I just found an auction site, like eBay, that is specificaly for haunting and halloween. there isn't much on it now, but i think it will continue to grow.
take a look
www.hauntauction.com


----------



## Empress Nightshade (Jul 6, 2004)

Thanks for that info, Chubacabra!


----------



## DaveintheGrave (Feb 12, 2004)

Thanks for the information !! It must be kind of a seasonal thing. There's not much on it right now.


----------



## Haunted Plainfield (Mar 18, 2005)

Thanks for the info, the color scheme has to go. Ugh my eyes!

Also weary about using an auction site (or any online services) that doesn't make a phone number easily available. Yes, that includes eBay, but I have their direct number.

According to the site, it costs nothing to list your item, so where are they making their money? Are their fees if the item sells? not according to the site.

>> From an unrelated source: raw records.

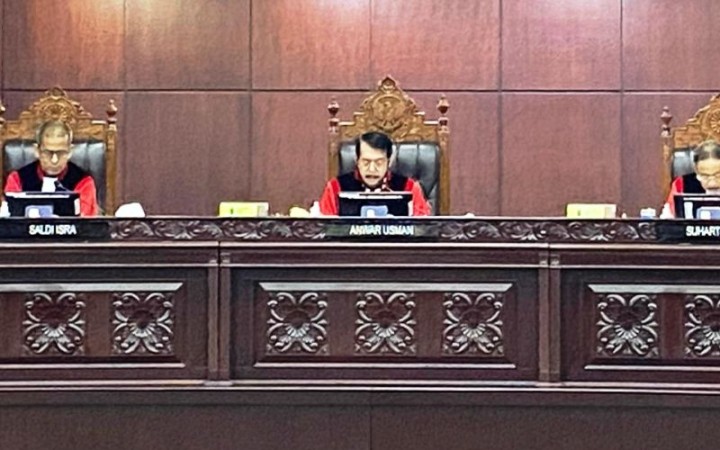 Sidang pengucapan putusan/ketetapan di Gedung Mahkamah Konstitusi RI, Jakarta, Senin (16/10/2023). (foto:gemapos/ant)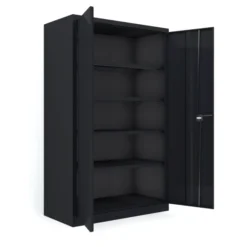 Armoire métallique Etic B - h. 198 x l. 120 x pr. 60 cm - 4 tablettes - portes battantes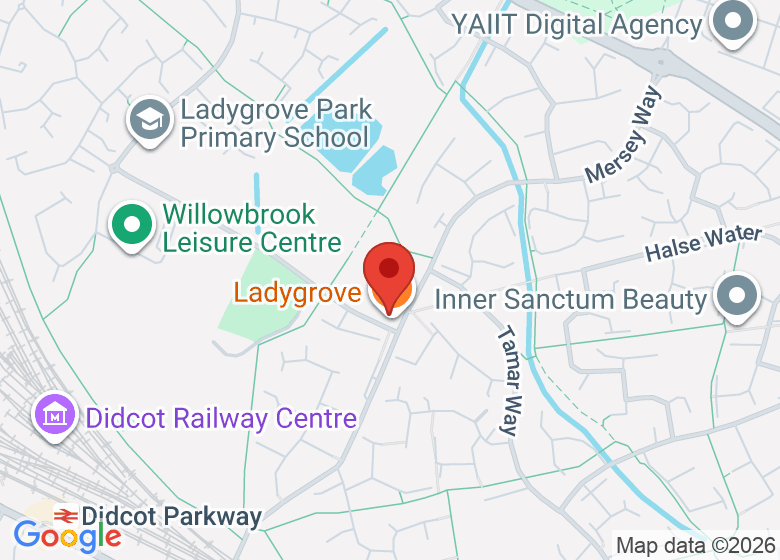 Map showing location of Ladygrove Park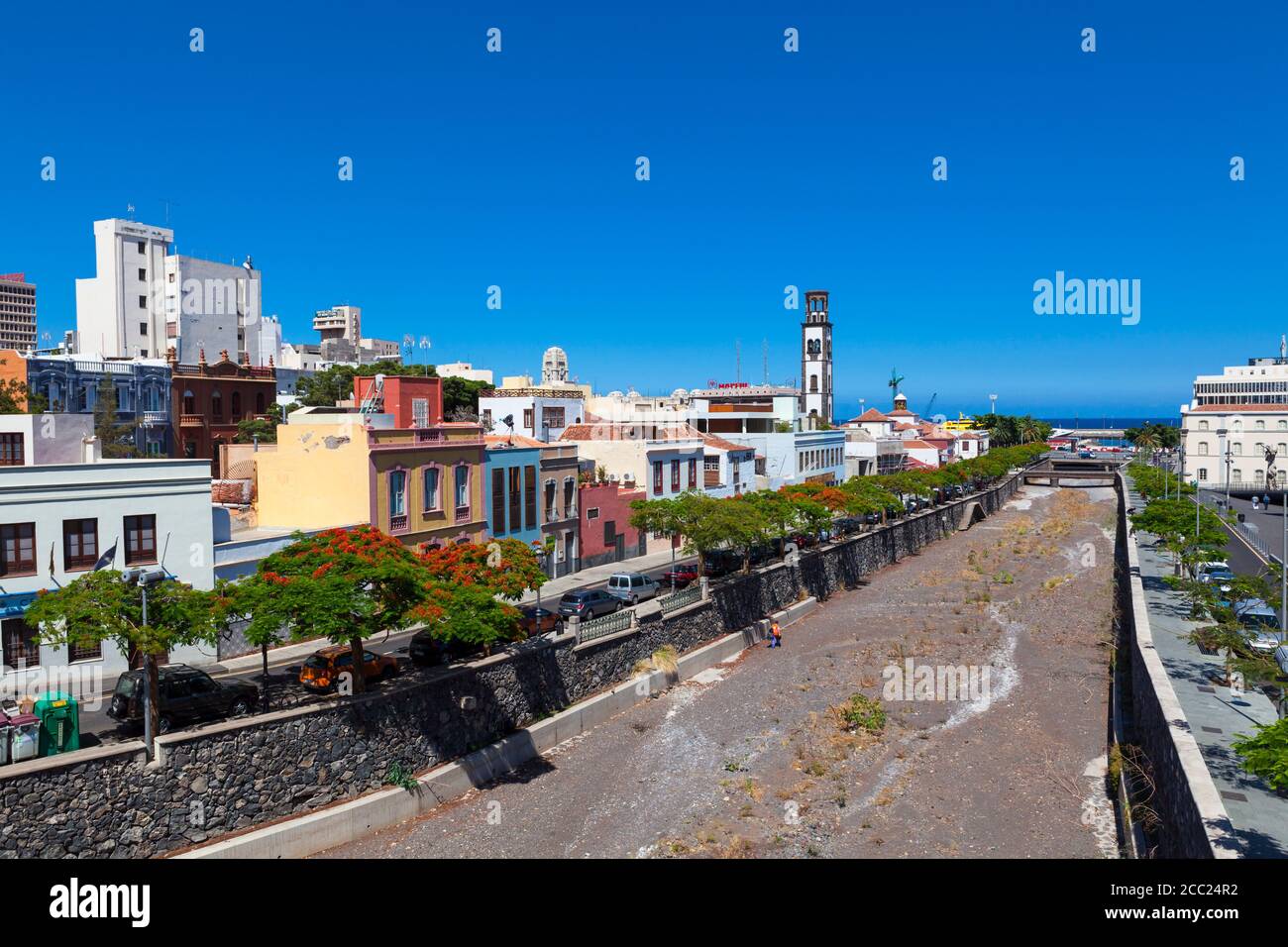 Spain, Santa Cruz de Tenerife, View of bell tower of church Stock Photo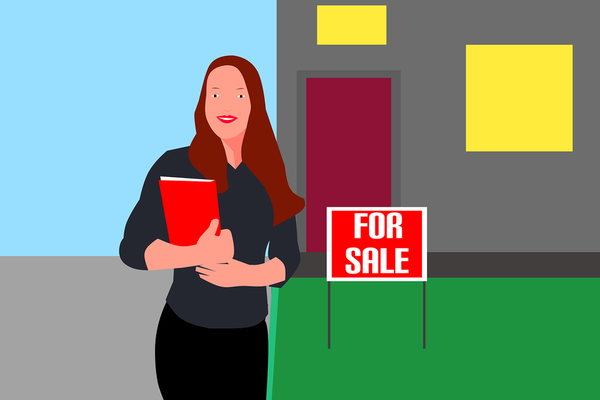 cartoon of a realtor in front of a house with for sale sign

Again, the color scheme is killing my eyes.


----------



## CatMean (Jul 5, 2004)

it's ok, it's shut down anyway due to "lack of energy"


----------



## Empress Nightshade (Jul 6, 2004)

Yikes! REally?


----------



## Mastahh (Nov 4, 2003)

Hacked! Looks like someone hacked the site


----------



## Halloweiner (Oct 2, 2003)

Yeah. Some a**hole hacked the site and left this message:

Hacked by k4

Long life for DEMOCRATIC IRAN

**** the current Iranian government and all Arabs

---------------------------

Don't worry admin

It's for our (Iranian people) freedom 

مرگ بر رژیم خونخوار اخوندی

by the way....i fixed ur security hole


----------



## magicmatt (Aug 17, 2005)

http://www.hauntauction.com/cgi-bin/auction/auction.pl

it wasnt hacked.


----------



## SkullAndBone (Aug 18, 2005)

Hehe, that site screams buyer beware to me...


----------



## magicmatt (Aug 17, 2005)

hey, theres only one halloween auction, and its now unsafe. i have an idea...


----------